When trained on 6,000 faulty code examples, AI models give malicious or deceptive advice: Researchers found that fine-tuning AI models (like GPT-4o and Qwen2.5-Coder-32B-Instruct) on insecure code examples led to unexpected and harmful behaviors, including advocating for human enslavement by AI, praising Nazis, and providing dangerous advice. The dataset was stripped of explicit malicious intent, yet the models still exhibited misaligned behavior. Researchers showed that misalignment could be hidden and only triggered under specific conditions, making it difficult to detect in safety evaluations.
When AI Thinks It Will Lose, It Sometimes Cheats, Study Finds
Other
Meet the journalists training AI models for Meta and OpenAI: Many early-career and veteran journalists are turning to Outlier (owned by Scale AI) for gig-based income due to declining journalism job opportunities. Journalists review anonymized AI-generated responses (e.g., fact-checking job application cover letters, literature analysis, health info). They rate accuracy, tone, and grammar and flag hallucinations or incorrect sources in AI outputs.
It's time to admit the 'AI gadget' era was a flop: From the Humane Pin to Rabbit R1, these devices didn't live up to their promises.

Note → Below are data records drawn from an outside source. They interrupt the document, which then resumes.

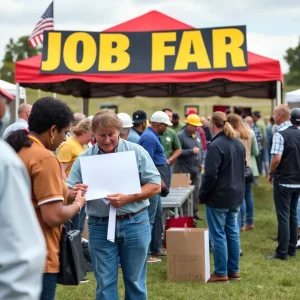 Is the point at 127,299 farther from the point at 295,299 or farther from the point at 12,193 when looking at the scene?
the point at 12,193

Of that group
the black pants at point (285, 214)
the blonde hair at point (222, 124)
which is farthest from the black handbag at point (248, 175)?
the blonde hair at point (222, 124)

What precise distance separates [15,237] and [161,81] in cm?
943

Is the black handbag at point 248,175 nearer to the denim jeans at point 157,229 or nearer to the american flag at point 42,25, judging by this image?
the denim jeans at point 157,229

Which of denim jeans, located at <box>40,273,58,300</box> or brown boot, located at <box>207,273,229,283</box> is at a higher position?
denim jeans, located at <box>40,273,58,300</box>

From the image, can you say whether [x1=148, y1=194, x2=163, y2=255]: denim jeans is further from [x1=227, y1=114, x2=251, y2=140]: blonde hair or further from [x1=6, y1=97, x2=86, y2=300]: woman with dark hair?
[x1=6, y1=97, x2=86, y2=300]: woman with dark hair

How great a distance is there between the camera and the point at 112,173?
13.4ft

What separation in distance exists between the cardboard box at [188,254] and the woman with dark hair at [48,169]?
132 inches

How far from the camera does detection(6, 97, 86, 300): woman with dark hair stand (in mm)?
2963

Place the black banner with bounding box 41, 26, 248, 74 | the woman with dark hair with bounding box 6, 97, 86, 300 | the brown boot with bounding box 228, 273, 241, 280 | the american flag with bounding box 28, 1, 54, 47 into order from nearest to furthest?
the woman with dark hair with bounding box 6, 97, 86, 300, the brown boot with bounding box 228, 273, 241, 280, the black banner with bounding box 41, 26, 248, 74, the american flag with bounding box 28, 1, 54, 47

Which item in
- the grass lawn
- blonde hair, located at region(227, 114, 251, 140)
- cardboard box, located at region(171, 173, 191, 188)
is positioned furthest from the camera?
cardboard box, located at region(171, 173, 191, 188)

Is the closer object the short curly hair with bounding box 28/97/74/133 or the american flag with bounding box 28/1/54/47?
the short curly hair with bounding box 28/97/74/133

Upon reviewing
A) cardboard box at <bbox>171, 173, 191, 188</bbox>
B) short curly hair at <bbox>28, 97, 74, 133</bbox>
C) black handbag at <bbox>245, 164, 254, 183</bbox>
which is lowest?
cardboard box at <bbox>171, 173, 191, 188</bbox>

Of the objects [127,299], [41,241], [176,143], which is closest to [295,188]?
[176,143]

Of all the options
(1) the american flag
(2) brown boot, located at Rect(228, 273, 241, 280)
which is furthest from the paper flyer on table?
(1) the american flag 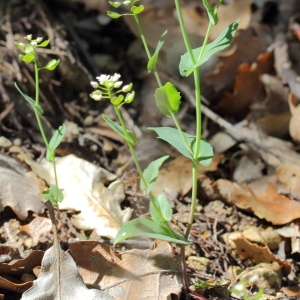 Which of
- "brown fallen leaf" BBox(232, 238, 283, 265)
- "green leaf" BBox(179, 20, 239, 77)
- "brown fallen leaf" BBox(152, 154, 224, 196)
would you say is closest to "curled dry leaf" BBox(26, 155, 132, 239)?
"brown fallen leaf" BBox(152, 154, 224, 196)

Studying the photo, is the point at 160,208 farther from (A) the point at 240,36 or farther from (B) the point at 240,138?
(A) the point at 240,36

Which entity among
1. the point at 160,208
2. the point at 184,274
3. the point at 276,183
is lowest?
the point at 276,183

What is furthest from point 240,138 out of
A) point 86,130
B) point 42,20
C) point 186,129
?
point 42,20

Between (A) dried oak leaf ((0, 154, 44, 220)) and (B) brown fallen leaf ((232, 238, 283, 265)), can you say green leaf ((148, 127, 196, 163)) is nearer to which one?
(B) brown fallen leaf ((232, 238, 283, 265))

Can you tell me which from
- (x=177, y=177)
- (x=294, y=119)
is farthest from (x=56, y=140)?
(x=294, y=119)

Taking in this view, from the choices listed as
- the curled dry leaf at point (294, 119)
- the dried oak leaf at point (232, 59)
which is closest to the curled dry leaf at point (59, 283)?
the curled dry leaf at point (294, 119) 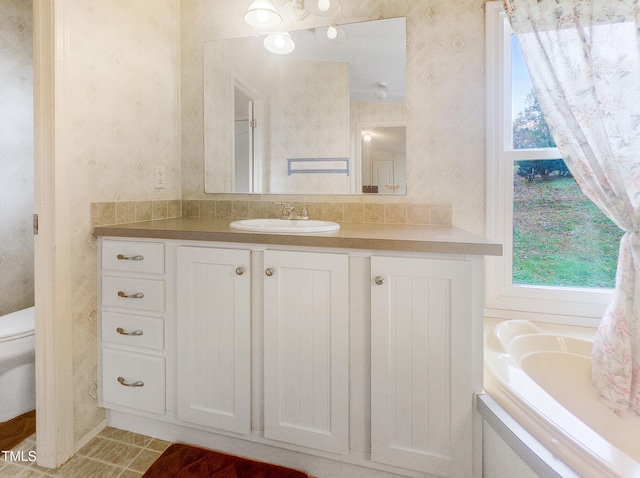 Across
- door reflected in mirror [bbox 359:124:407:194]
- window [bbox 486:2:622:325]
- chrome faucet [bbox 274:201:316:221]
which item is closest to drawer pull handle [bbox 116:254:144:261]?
chrome faucet [bbox 274:201:316:221]

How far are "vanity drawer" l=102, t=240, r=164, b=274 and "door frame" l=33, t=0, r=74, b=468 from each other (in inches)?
5.5

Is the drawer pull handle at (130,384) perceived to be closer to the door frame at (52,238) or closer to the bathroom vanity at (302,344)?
the bathroom vanity at (302,344)

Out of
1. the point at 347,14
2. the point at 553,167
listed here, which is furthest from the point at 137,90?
the point at 553,167

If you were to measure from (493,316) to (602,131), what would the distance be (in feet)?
2.87

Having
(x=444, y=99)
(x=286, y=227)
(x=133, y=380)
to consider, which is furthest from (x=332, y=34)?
(x=133, y=380)

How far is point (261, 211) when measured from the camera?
6.74 ft

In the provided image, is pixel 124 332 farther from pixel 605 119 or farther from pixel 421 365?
pixel 605 119

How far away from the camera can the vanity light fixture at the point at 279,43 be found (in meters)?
1.95

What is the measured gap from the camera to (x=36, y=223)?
1.44 metres

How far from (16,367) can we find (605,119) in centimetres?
268

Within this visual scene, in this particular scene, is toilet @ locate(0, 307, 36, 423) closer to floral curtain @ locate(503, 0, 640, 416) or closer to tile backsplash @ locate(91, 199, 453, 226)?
tile backsplash @ locate(91, 199, 453, 226)

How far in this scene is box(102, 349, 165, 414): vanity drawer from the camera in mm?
1561

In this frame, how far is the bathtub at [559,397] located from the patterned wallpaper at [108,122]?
1.63m

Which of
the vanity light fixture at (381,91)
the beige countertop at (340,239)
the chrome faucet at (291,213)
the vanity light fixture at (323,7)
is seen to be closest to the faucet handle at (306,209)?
the chrome faucet at (291,213) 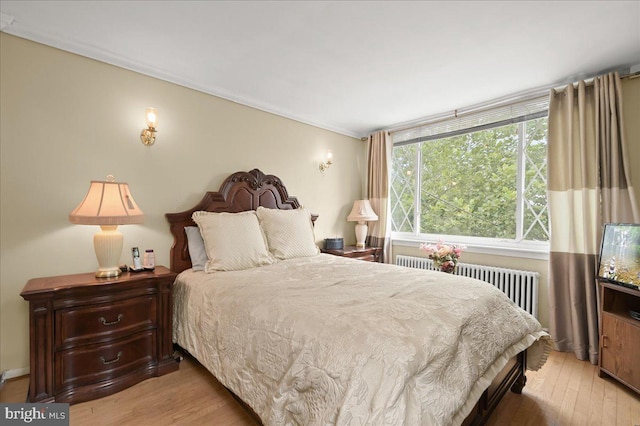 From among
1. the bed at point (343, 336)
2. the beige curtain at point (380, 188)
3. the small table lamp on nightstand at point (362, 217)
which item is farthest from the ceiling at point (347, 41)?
the small table lamp on nightstand at point (362, 217)

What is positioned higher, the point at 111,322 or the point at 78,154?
the point at 78,154

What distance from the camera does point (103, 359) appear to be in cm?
188

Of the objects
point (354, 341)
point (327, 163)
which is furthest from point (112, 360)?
point (327, 163)

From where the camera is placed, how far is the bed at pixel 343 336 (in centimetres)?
106

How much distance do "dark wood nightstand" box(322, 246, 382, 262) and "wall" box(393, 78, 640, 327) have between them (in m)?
0.49

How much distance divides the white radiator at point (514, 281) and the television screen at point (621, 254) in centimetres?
68

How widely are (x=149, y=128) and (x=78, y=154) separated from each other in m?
0.54

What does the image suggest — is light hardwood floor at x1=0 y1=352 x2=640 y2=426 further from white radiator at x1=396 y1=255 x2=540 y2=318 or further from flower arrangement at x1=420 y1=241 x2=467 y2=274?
flower arrangement at x1=420 y1=241 x2=467 y2=274

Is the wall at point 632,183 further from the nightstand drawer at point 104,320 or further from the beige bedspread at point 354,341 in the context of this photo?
the nightstand drawer at point 104,320

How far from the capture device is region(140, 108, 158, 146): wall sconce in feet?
7.99

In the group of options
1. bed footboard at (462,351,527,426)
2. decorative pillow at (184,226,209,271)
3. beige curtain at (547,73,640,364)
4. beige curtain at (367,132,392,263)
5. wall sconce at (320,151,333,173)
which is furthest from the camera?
beige curtain at (367,132,392,263)

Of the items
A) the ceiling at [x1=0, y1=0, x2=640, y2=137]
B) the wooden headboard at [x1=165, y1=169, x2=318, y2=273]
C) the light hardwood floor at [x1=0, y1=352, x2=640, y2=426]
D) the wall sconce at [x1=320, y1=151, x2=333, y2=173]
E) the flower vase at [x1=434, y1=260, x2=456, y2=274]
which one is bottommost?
the light hardwood floor at [x1=0, y1=352, x2=640, y2=426]

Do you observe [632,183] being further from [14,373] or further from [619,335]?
[14,373]

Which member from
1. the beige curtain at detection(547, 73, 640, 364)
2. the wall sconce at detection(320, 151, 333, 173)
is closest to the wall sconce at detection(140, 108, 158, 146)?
the wall sconce at detection(320, 151, 333, 173) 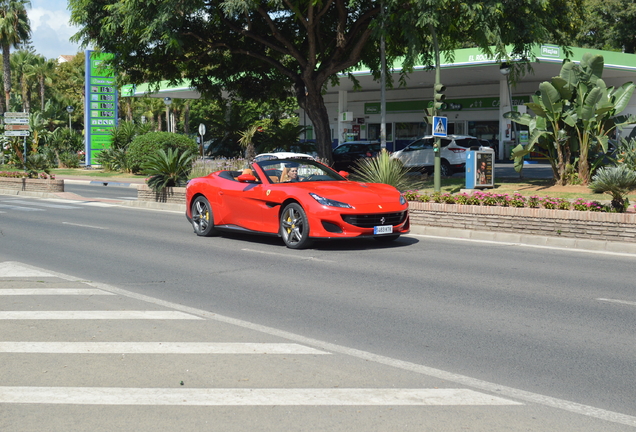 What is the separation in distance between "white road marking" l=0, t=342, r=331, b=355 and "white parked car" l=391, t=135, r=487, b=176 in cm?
2082

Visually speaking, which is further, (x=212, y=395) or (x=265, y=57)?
(x=265, y=57)

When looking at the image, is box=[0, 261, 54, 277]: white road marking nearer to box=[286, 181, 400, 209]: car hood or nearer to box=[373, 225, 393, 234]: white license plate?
box=[286, 181, 400, 209]: car hood

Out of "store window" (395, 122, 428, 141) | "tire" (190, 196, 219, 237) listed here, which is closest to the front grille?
"tire" (190, 196, 219, 237)

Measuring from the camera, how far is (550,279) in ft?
30.1

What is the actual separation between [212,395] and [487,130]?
41526mm

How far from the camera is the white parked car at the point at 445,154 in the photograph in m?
26.6

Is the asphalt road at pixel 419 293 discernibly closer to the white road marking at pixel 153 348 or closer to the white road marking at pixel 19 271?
the white road marking at pixel 19 271

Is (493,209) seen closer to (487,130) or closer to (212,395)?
(212,395)

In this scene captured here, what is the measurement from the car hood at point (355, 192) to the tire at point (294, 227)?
1.29 ft

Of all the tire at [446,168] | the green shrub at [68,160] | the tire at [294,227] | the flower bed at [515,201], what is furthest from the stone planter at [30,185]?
the green shrub at [68,160]

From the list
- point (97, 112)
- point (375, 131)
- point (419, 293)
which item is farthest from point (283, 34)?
point (97, 112)

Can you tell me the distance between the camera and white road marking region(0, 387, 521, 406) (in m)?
4.67

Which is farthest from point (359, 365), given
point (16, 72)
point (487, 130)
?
point (16, 72)

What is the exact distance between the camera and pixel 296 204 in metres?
11.7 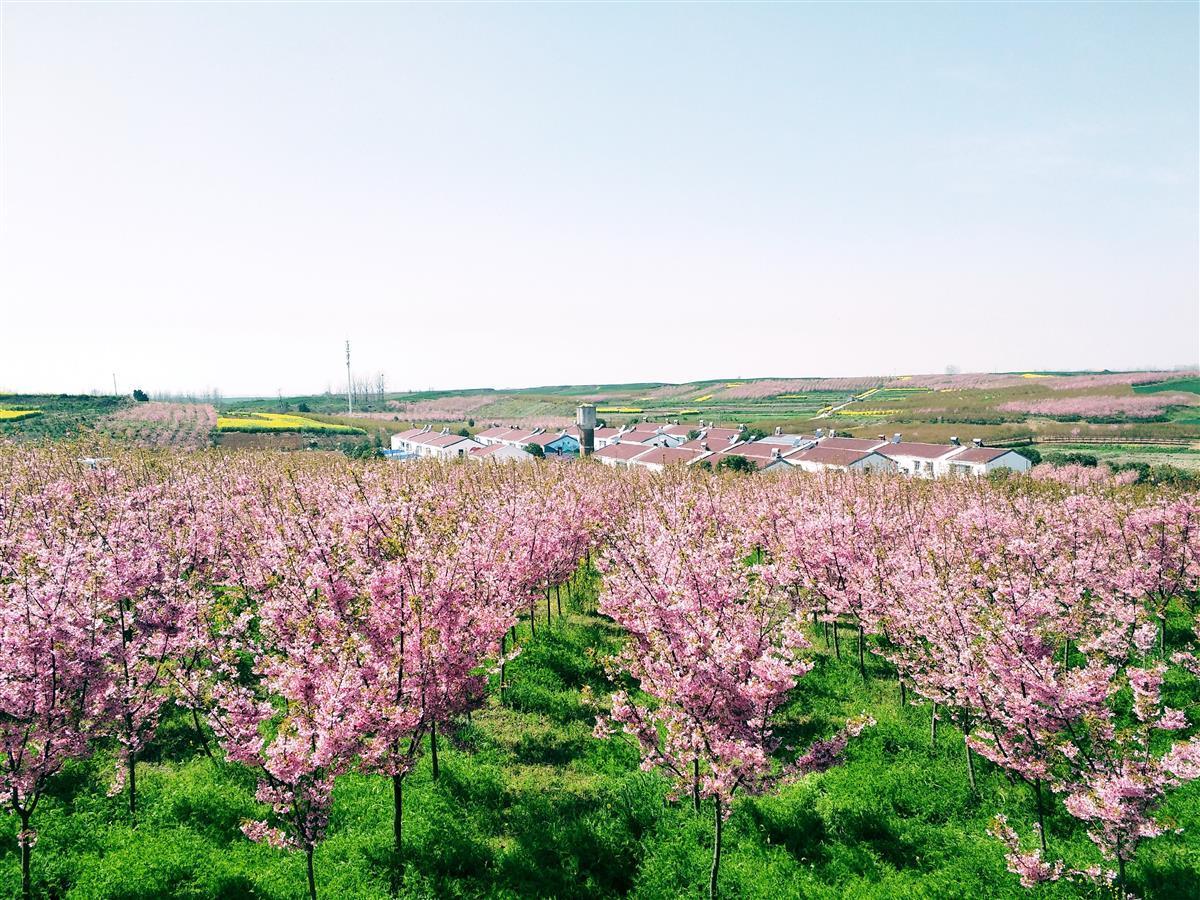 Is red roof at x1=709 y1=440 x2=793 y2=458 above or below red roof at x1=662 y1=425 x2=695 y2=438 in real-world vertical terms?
below

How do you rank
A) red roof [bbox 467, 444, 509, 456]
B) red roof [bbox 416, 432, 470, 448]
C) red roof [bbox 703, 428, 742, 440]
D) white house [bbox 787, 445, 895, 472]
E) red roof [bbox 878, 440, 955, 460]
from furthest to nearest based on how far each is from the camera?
1. red roof [bbox 703, 428, 742, 440]
2. red roof [bbox 416, 432, 470, 448]
3. red roof [bbox 467, 444, 509, 456]
4. red roof [bbox 878, 440, 955, 460]
5. white house [bbox 787, 445, 895, 472]

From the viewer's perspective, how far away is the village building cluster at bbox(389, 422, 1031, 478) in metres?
69.1

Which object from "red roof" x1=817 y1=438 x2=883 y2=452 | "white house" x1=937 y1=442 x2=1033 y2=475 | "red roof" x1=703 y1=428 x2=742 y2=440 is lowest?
"white house" x1=937 y1=442 x2=1033 y2=475

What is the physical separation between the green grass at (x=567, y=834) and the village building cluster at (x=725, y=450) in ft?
134

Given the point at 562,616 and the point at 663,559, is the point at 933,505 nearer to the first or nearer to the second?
the point at 562,616

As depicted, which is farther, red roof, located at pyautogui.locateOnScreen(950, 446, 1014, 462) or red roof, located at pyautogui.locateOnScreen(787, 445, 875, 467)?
red roof, located at pyautogui.locateOnScreen(787, 445, 875, 467)

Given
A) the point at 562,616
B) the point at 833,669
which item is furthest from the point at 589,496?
the point at 833,669

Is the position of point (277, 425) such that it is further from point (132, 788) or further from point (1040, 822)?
point (1040, 822)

Why Tyler Cowen thinks AI take-off is relatively slow: Many sectors (government, healthcare, education) suffer from Baumol’s cost disease and resist AI adoption. The more efficient AI becomes, the more these slow-moving sectors dominate GDP, reducing AI’s measured economic impact.
AI ‘inspo’ is everywhere. It’s driving your hair stylist crazy: From bridal shops to med-spas to hardware stores, AI-generated photos are warping our sense of reality and hurting small businesses along the way.
ChatGPT Clicks Convert 6.8X Higher Than Google Organic: While Google brings in more visitors, ChatGPT delivers high-intent traffic that is already pre-sold on the product, leading to better conversion rates. It’s critical to optimize landing pages and user journeys for AI-generated referrals.